_What is needed_: In the entries that follow, the lines from the line containing "Once we've got" up to and including the line containing "Before I take" must be copied exactly, with pictures omitted.

_Raw data_:
------------------------------

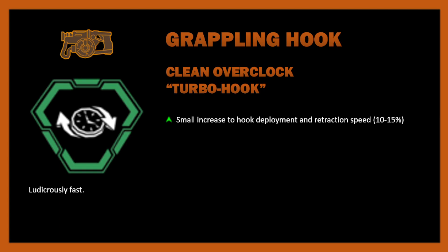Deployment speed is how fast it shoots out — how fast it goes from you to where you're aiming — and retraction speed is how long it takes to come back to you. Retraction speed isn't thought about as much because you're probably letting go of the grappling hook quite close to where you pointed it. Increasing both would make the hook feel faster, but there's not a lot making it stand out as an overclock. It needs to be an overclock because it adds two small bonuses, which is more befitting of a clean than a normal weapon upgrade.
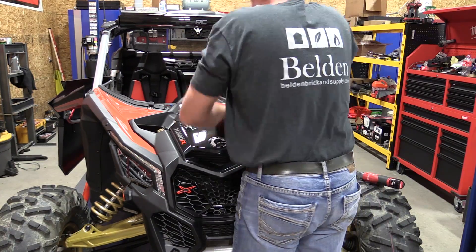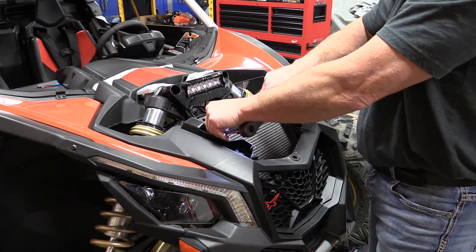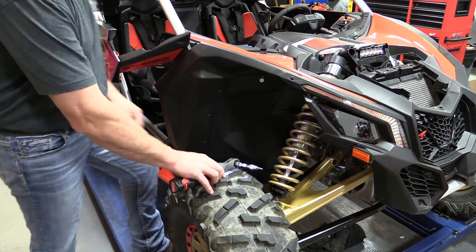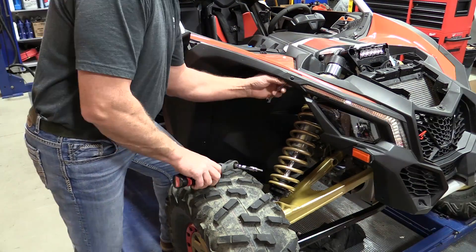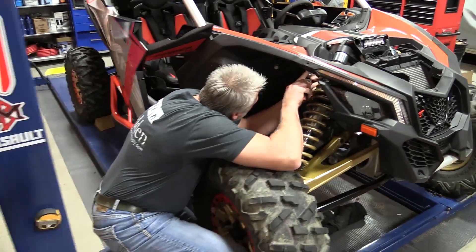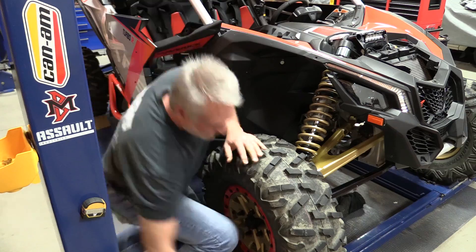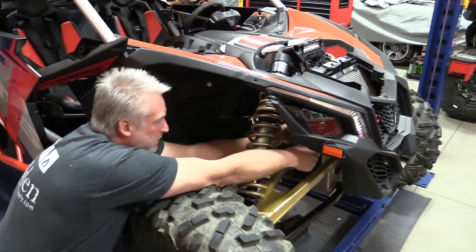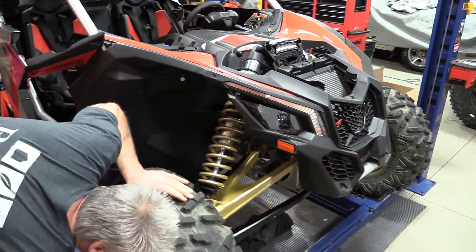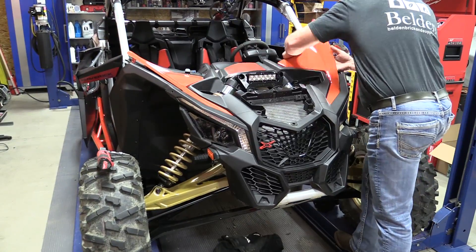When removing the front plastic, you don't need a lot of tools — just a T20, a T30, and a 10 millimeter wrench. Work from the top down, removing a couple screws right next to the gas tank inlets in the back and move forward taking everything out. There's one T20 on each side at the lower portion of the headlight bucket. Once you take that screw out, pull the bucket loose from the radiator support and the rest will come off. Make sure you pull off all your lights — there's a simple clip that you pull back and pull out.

------------------------------

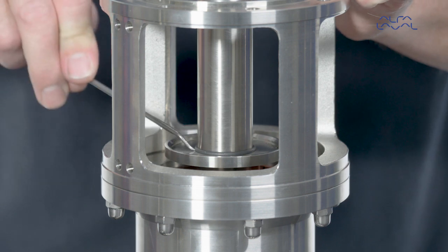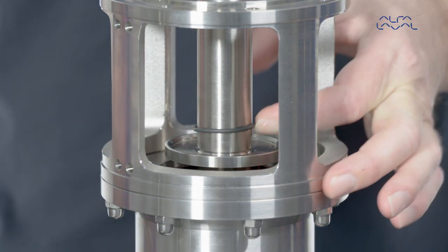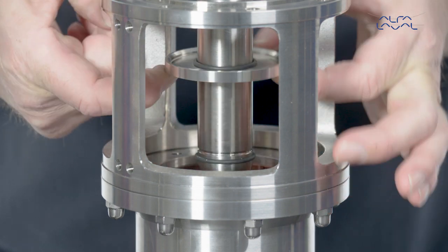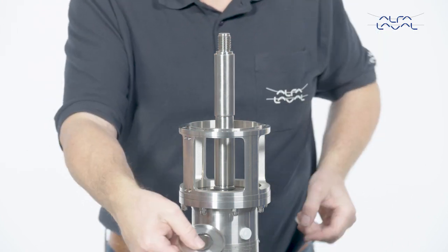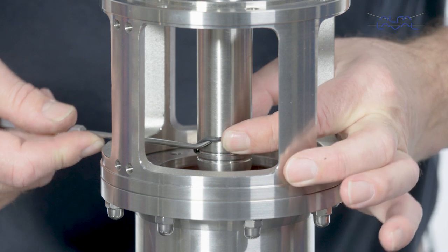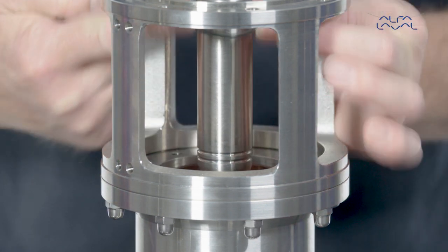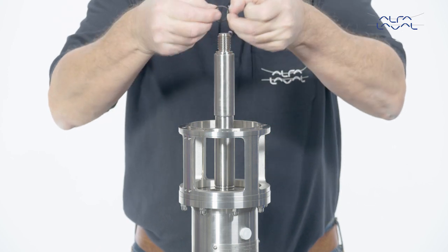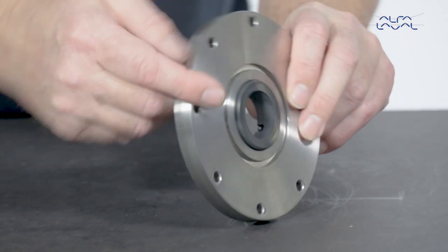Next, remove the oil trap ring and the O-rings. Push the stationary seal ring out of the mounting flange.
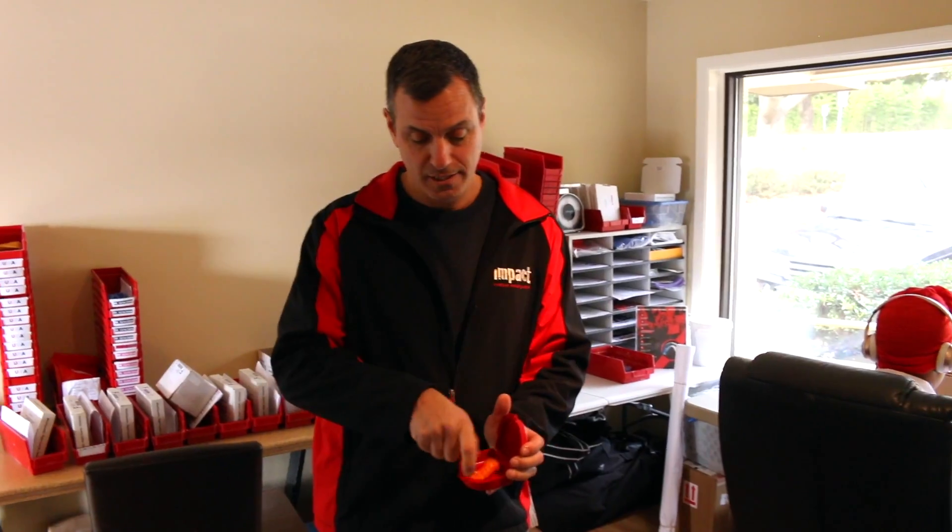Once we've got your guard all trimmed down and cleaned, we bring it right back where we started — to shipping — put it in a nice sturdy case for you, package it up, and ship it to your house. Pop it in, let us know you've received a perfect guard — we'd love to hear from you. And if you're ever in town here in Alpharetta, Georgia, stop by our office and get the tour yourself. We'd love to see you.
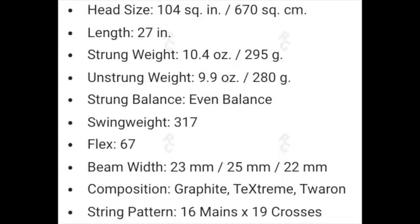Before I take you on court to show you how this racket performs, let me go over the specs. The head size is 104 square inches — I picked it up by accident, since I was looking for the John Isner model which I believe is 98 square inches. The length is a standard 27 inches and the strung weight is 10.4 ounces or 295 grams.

------------------------------

_Response to this task_:
Once we've got your guard all trimmed down and cleaned, we bring it right back where we started — to shipping — put it in a nice sturdy case for you, package it up, and ship it to your house. Pop it in, let us know you've received a perfect guard — we'd love to hear from you. And if you're ever in town here in Alpharetta, Georgia, stop by our office and get the tour yourself. We'd love to see you.
Before I take you on court to show you how this racket performs, let me go over the specs. The head size is 104 square inches — I picked it up by accident, since I was looking for the John Isner model which I believe is 98 square inches. The length is a standard 27 inches and the strung weight is 10.4 ounces or 295 grams.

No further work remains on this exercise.